The latter, (B), takes topology as a supplement to psychoanalysis that is, however, necessary both to its presentation and its clinic. In this respect, the clinic is not approximative; nor does it have anything to do with verifying theoretical hypotheses on the backs of patients in order to construct a 'clinical case'. Here, the theory proceeds not as the whole truth or as a philosophical system, but with regard to an experimental framework.
The former, (A), as may be expected does little with the topology except through metaphor and historical commentary, i.e., the 'late' Lacan, etc. Remaining at this level, the results have been largely disappointing as 'Lacanian topology' digresses into an academic and esoteric reference to Borromean Rings, Sinthomes, and Mobius bands that function as icons. At best, such topological icons function as mere conceptual landmarks of an argument that needs to be developed (but usually never is); at worst, they become ways of imagining a clinic as a way to brand people with a psychoanalytic terminology of barred subjects, psychosis neurosis, and perversion. In either case, it is not a question of denying anyone a delirious use of topology or psychoanalysis, but simply a question of how not to remain there.
Though it is less well-known and its participants fewer in number, (B) founds a purely analytic clinic through an experimental framework and topological presentation whose diagrams are not only functional, but calculable according to a matheme and deducible according to a psychoanalytic logic. Such an approach opens up the clinic in a new and more serious way, while cutting across disciplinary boundaries. Yet, there is no need to call such a structural approach 'interdisciplinary' since it is not a question of transferring contents from one discipline to another, but of determining the formal and material means of a discourse. There is no need to fetishize a knot or mobius band since what is at stake is the logic and mathematics that such intuitive constructions provide for the analytic act.

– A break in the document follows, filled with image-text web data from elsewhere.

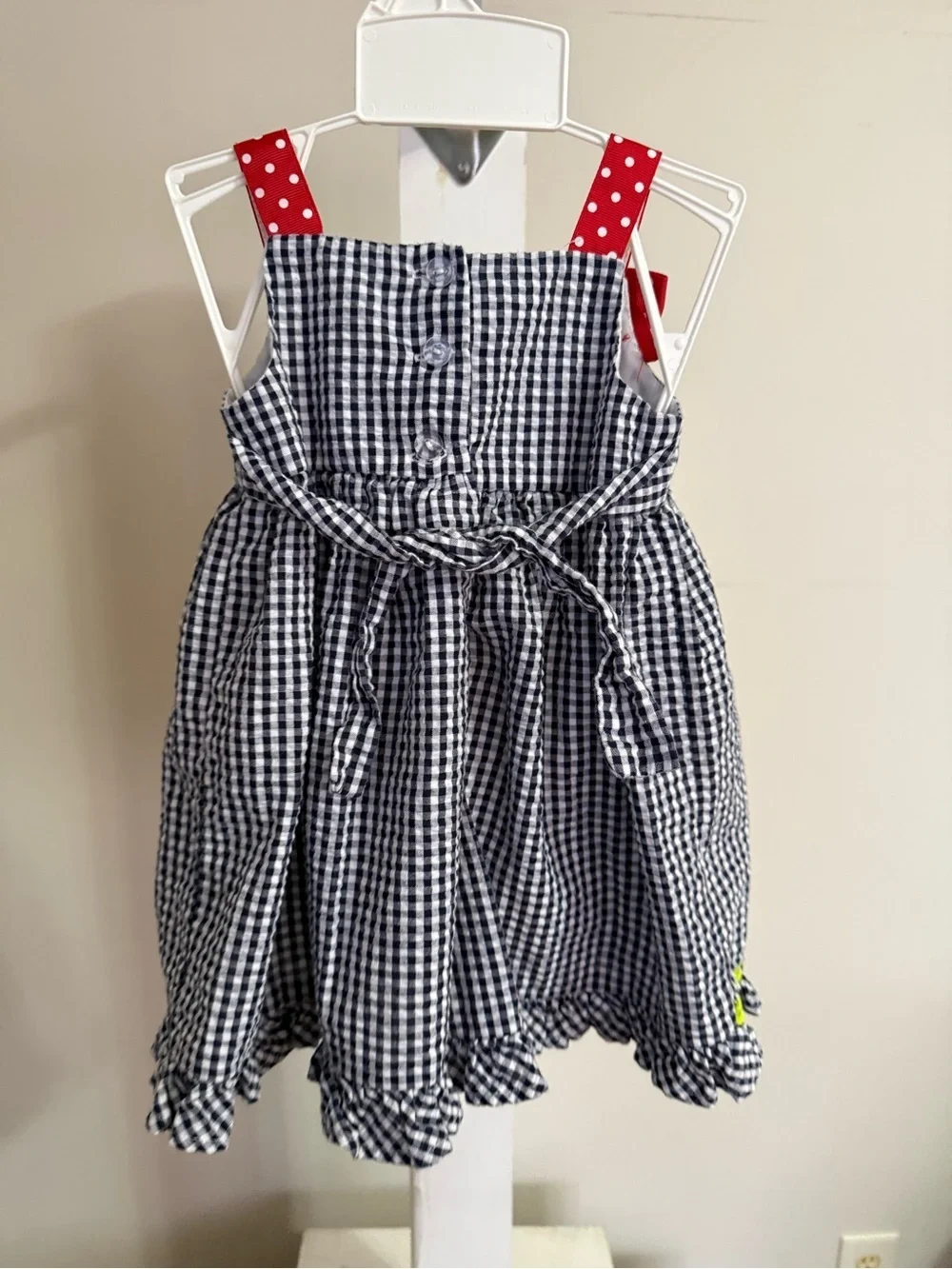 Emily Rose Lady Bug Sundress & Diaper Cover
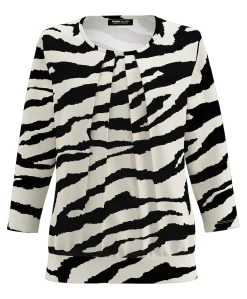 Dames longsleeve zwart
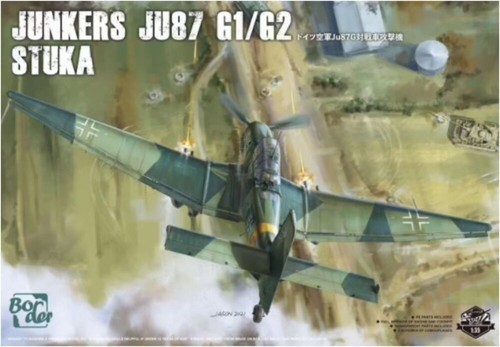 Border model junkers ju87 - border,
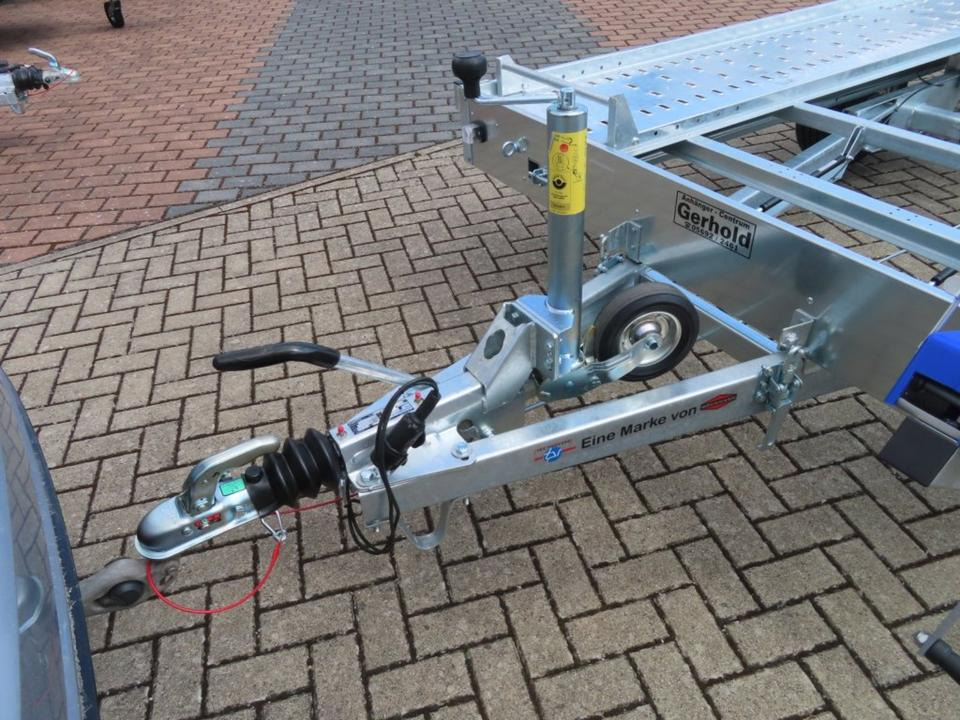 Böckmann-T PV,Autotransporter, 1,8 to. kippbar,PKW Anhänger,100 k - Autotransporter trailer: picture 4 Böckmann-T PV,Autotransporter, 1,8 to. kippbar,PKW Anhänger,100 k - Autotransporter trailer: picture 4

Since there is a lot of work in the field to come*, our first aim is to furnish the necessary references to those seeking to develop a more precise practice of this topology. These references do not simply consist in following the indications left by Lacan, but in constructing the object that he discovered – the little object a – beyond a literary, philosophical, political, or coded reference.
* Because of the relative newness of the field, there are currently no books in the English language that serve as a rigorous introduction to Topology and Psychoanalysis. At this time PLACE is, however, producing a manual that will be made available by the fall semester of 2017.